Survey banner
The Dataiku Community is moving to a new home! We are temporary in read only mode: LEARN MORE

Scenario - Defining a variable using a computed metric

Solved!
me2
Level 3
Scenario - Defining a variable using a computed metric

Hi, I am having trouble with the right syntax to extract a 'computed metric' from a dataset.

I found a great post that successfully got me to report (output to reporter) a variable with an arbitrary value.  

https://community.dataiku.com/t5/Using-Dataiku/Conditional-execute-of-scenario-step-without-steps-fa...

Now I'm trying to extract a 'computed metric', "records:COUNT_RECORDS" from a dataset.  Dataiku documents this but I can't successfully retrieve the value.

https://doc.dataiku.com/dss/latest/scenarios/variables.html

I modified the syntax for my case

t${filter(parseJson(stepOutput_the_metrics)[‘projID.computed’].computed, x, x.metricId == ‘records:COUNT_RECORDS’)[0].value}

Where projID I got from theURL of my project.

I get the following error when I run the scenario.

java.lang.IllegalArgumentException
Incorrect formula: '${filter(parseJson(stepOutput_the_metrics)[‘projID.computed’].computed, x, x.metricId == ‘records:COUNT_RECORDS’)[0].value}' : Missing number, string, identifier, regex, or parenthesized expression(Parsing error at offset 0), caused by: ParsingException: Missing number, string, identifier, regex, or parenthesized expression(Parsing error at offset 0)

1) How do I correct the formula?

2) In this case, I am only running the computed metrics for one dataset but if this works I would want computed metrics from various data sets.  How would I modify the syntax so I can retrieve the same metrics from different datasets?

Thank you for your time!

0 Kudos
1 Solution
Turribeach

Hi, rthere are few things that you may be doing wrong. Be aware both project ID and dataset ID are case sensitive. I covered more in detail on how to build the formula to extract a metric on this other post:

https://community.dataiku.com/t5/What-s-New/Want-to-Control-the-Execution-of-Scenario-Steps-With-Con...

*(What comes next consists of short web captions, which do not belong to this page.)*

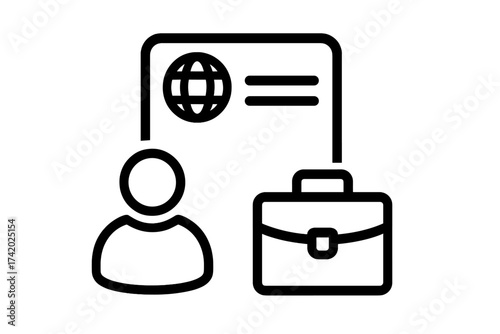 International business travel icon. Employee profile and global career concept. Work portfolio, briefcase pictogram. Person user account, personal data. Professional corporate job.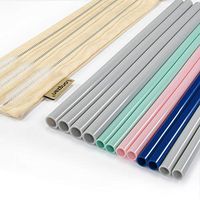 [12pcs ] longzon Ultra Thin Silicone Straws Reusable Drinking Straws for 30oz and 20oz Tumblers,10’’ Straight extra-Long Wide Smoothie Straws for toddlers,FDA,BPA free, with cleaning brushes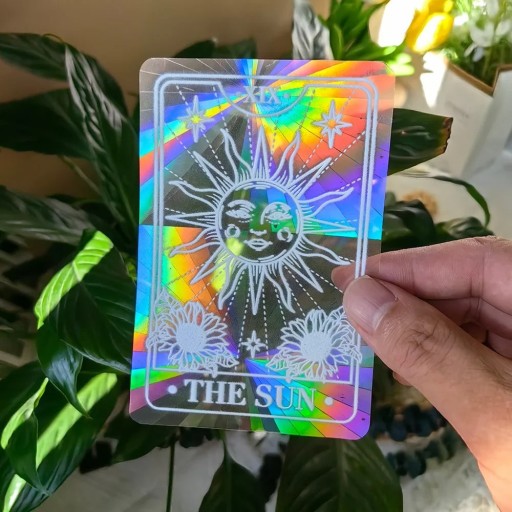 Window Sticker PVC Rainbow Sun Catcher Card and Sun Motif Decorative Film for Window with Colourful Light Effects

If you scroll down you will see how to extract the whole JSON and then build the extraction expression step by step.

 

 

View solution in original post

6 Replies
AlexT
Dataiker

Hi,

You can only retrieve the metrics from the dataset computed in the previous step.
If you computed multiple datasets in that step you need to change the "CaMoYxZE_NP" with the respective dataset ID.

toNumber(filter(parseJson(stepOutput_the_metrics)['SECFILLINGS.CaMoYxZE_NP']['computed'], x, x["metricId"]=="basic:COUNT_RECORDS")[0].value)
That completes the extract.